**TASK GOAL:**
The entries are to be duplicated exactly, though any picture in them must be omitted.

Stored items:
====================

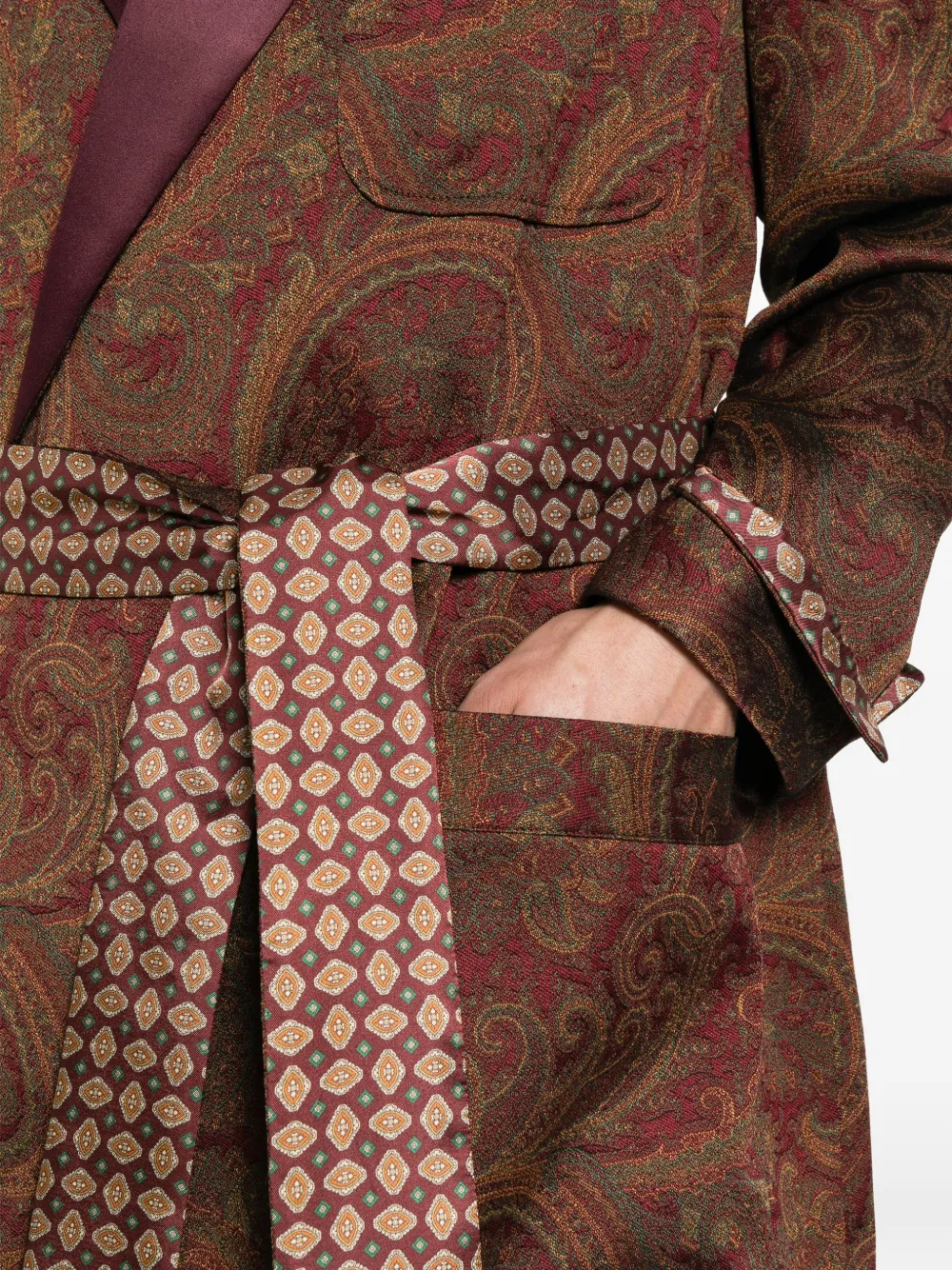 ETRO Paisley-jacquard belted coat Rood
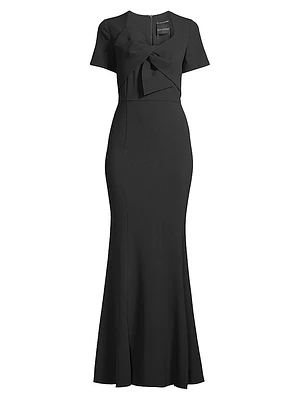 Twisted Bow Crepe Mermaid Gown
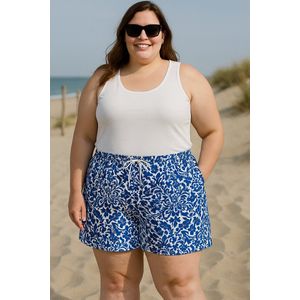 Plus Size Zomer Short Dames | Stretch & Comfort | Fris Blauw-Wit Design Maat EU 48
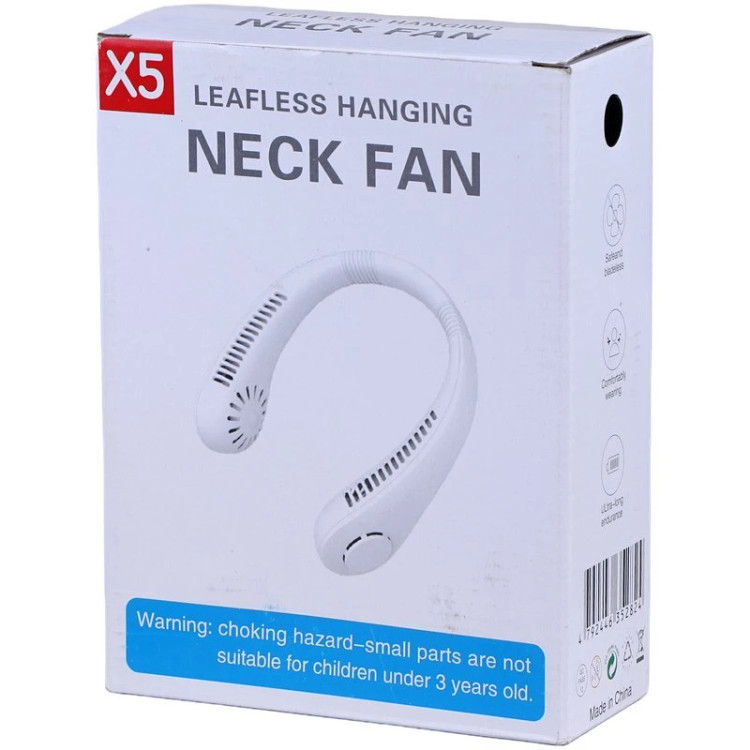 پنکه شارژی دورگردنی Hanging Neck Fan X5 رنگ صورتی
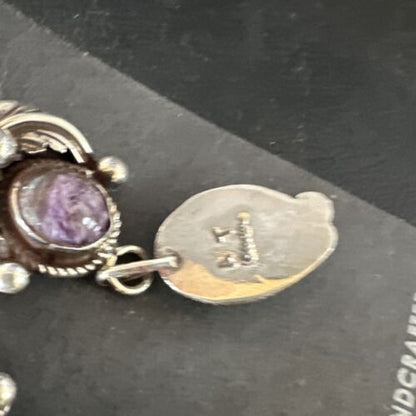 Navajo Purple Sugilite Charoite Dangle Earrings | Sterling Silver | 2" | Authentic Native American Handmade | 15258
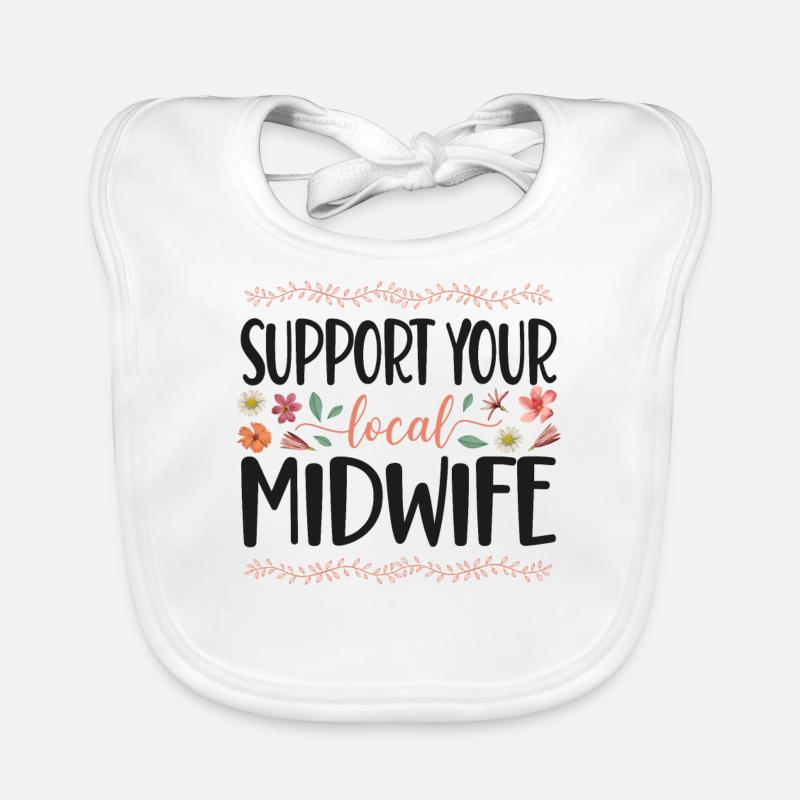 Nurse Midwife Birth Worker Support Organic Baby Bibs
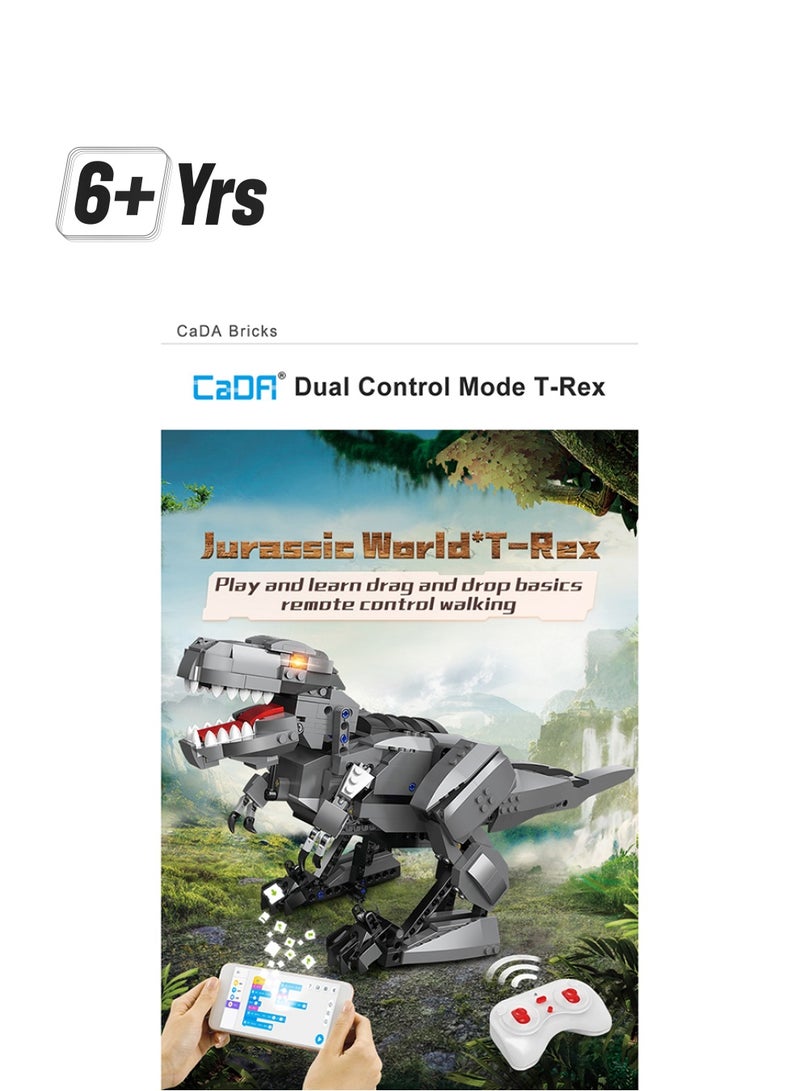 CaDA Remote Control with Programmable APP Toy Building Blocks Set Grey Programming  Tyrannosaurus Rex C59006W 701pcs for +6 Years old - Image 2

====================

**EXERCISE SOLUTION:**
 ETRO Paisley-jacquard belted coat Rood
 Twisted Bow Crepe Mermaid Gown
 Plus Size Zomer Short Dames | Stretch & Comfort | Fris Blauw-Wit Design Maat EU 48
 پنکه شارژی دورگردنی Hanging Neck Fan X5 رنگ صورتی
 Navajo Purple Sugilite Charoite Dangle Earrings | Sterling Silver | 2" | Authentic Native American Handmade | 15258
 Nurse Midwife Birth Worker Support Organic Baby Bibs
 CaDA Remote Control with Programmable APP Toy Building Blocks Set Grey Programming  Tyrannosaurus Rex C59006W 701pcs for +6 Years old - Image 2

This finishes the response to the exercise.